Клоунский парик да пара растоптаных длинноносых ботинок - вот и всё, что осталось в гримёрной после него. Ах, нет, ещё скомканые клочки исписанной бумаги притаились под столом, дожидаясь колючей тётьдусиной швабры, и замызганая до неузнаваемости чёрная зубастая чашка с недопитым остывающим зелёным чаем без сахара, без заварки и некипячёным в количестве 1(одна) шт.

Оркестр нестройно развалился на отдельные ноты и разошёлся кто куда. Зрители, притихшие от свалившегося на их головы прийти домой на полчаса раньше счастья, сосредоточенно рылись по карманам в поисках бирок на польты и торжественно стояли в гардеробной очереди. Электрик саданул ломиком по ручке основного трасформатора, и прожекторы, потрескивая от перегреву, стали срочно остывать.

А пару стопочек мы всё же саданём.
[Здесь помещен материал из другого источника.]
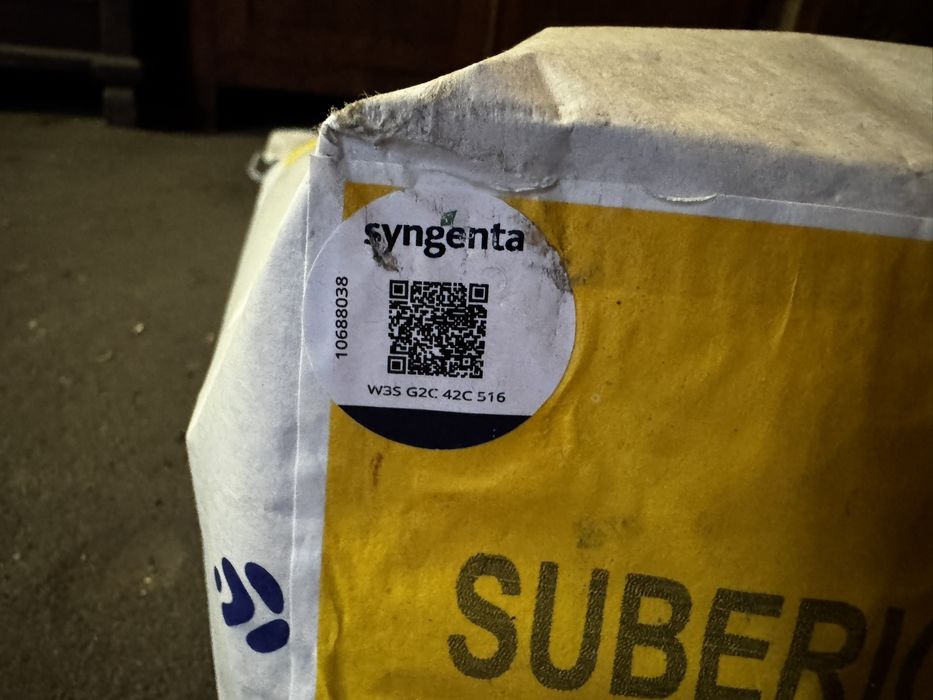 Продам насіння соняшнику Сінгента Сайберік та Піонер П64ЛЕ25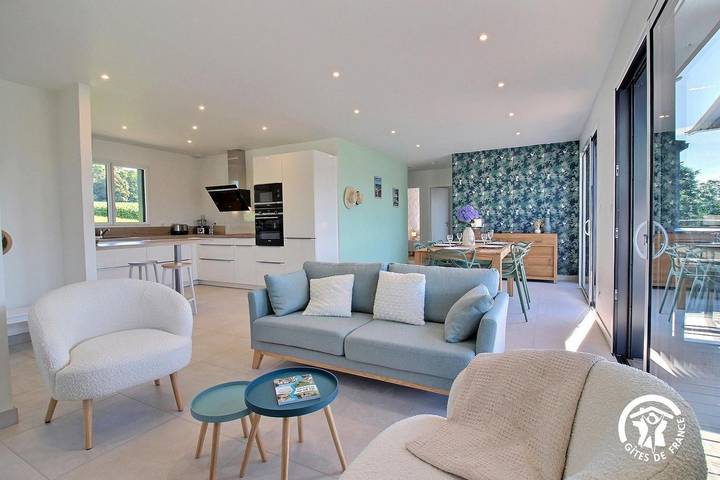 Gîte pour 6 personnes, avec terrasse et jacuzzi à Inzinzac-Lochrist - 2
За "Пухом будет". Кто не пьёт? Я не пью?! Я вчерась завязал! И сёдни утра тоже. Но за ради уважения, што ты што ты.
Да лана не жмись, тащи закусь. А я к этому хлебу ещё и воблу при-сово...при-со-во... купю, вот.
Жуй и слушай меня. Не меня жуй, а воблу слушай.
Мы ж с им можно сказать со сранней молодости ещё наливай по чуть-чуть были знакомы. Хороший царство был клоун ему небесное.
И ведь если бы не выпёндривался, а как мы все нормальные клоуны веселил бы почтеннейшую публику, всё могло сложиться по-другому: подзатыльники, грохот хохота, щщесливый детский крик "Смари, мама, дядю бьют!", аплодисменты слОжились бы в конце-концов в щщисливую картину приближающейся достойной кончины.
А щщяс што? Чиво добился этот мешок костей тем, што заместо того штобы, всё время делал если бы да кабы?
Нну? И куда теперь их девать? Што-што, евоные мысли лохматые! Во, гля-ко, повисли паутиной на небе, достань-ка и налей на пашашок попробуй.

Какое сияние? Полярное? На наших среднестатистических широтах? Да вы, батенька, бредите!
Так, безутешная вдова, сюда, поближе. Да не ко мне, к свету поближе! Потом, потом, не сейчас, милая. Отстань, говорю! Совсем с ума рехнулась на старости лет? Дива! Ты ещё в древнем Палемеолите дивой была, кобыла дряхлая.
Внимаааание, Мотор!
Детки, детки подбежали...
СТОООП!
Под-бе-жа-ли, я сказал, а не побежали! Детки, я сказал! Маааленькие такие. Я сказал детки, я сказал! Выросли уже? Так какого хрена вы мне тут голову морочите? Вот ты, лысый, какого конкретно хрена? Видал я твой сценарий знаешь где? Нет не в Беверли Хиллз, а совсем наоборот. Понял? Чтоб через пять минут, и комар носа! Комар но-са!
Милая, где милая? Вот в этой сцене ты ставишь ножку вперёд и губки бантиком. Вот так, хорошо. Пойдём порепетируем. Всем перерыв пол-часа! Так о чём я? Ах, да...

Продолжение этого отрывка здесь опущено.